# and this



## aykalam (Apr 12, 2010)

Egypt will reduce half street lights in order to save 700 megawatts of power worth LE6 billion ($920,000), the state-run daily newspaper Al-Ahram reported today.
Al-Ahram added that Ahmed Imam, who took office as Minister of Electricity and Energy last week, said the electricity conservation plan will be carried out by the Ministry of Local Development and accomplished by March 2013.

In late December last year, over 15 nationwide power stations halted electricity generation due to shortages of fuel. Sources told Al-Ahram that if the fuel production crisis does not end soon, "half of Egypt's governorates will be plunged into darkness".

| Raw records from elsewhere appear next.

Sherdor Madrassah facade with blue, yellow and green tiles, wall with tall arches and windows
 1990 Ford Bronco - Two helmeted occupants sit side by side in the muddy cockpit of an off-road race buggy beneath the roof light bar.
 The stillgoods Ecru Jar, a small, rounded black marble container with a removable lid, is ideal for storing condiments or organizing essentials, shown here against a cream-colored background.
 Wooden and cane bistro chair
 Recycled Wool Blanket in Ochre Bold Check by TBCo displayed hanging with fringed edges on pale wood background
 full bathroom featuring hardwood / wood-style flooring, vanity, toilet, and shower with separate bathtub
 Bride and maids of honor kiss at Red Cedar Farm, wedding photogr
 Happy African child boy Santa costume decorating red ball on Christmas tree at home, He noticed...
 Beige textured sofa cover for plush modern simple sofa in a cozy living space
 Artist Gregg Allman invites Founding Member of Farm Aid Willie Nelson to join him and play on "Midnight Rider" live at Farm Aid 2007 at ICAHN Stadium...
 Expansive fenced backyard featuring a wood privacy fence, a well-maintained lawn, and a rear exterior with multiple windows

in October last year the government had called for all shops to shut at 10 pm in order to conserve electricity. The new rules, however, which were meant to go into effect on 1 November, proved unacceptable to much of the public.

Egypt to turn off half street lights to save electricity - Economy - Business - Ahram Online

I wonder if they will turn off half of the lights that actually work


----------



## MaidenScotland (Jun 6, 2009)

The lights on the bridge outside my window are very rarely on and it has been like that for a couple of years. 

A simple solution would be to turn off all those bright lit neon advertising boards and the churches and mosques that are lit up like something from Vegas.


----------



## aykalam (Apr 12, 2010)

MaidenScotland said:


> The lights on the bridge outside my window are very rarely on and it has been like that for a couple of years.
> 
> A simple solution would be to turn off all those bright lit neon advertising boards and the churches and mosques that are lit up like something from Vegas.


Haram! 

We should always light the path to salvation


----------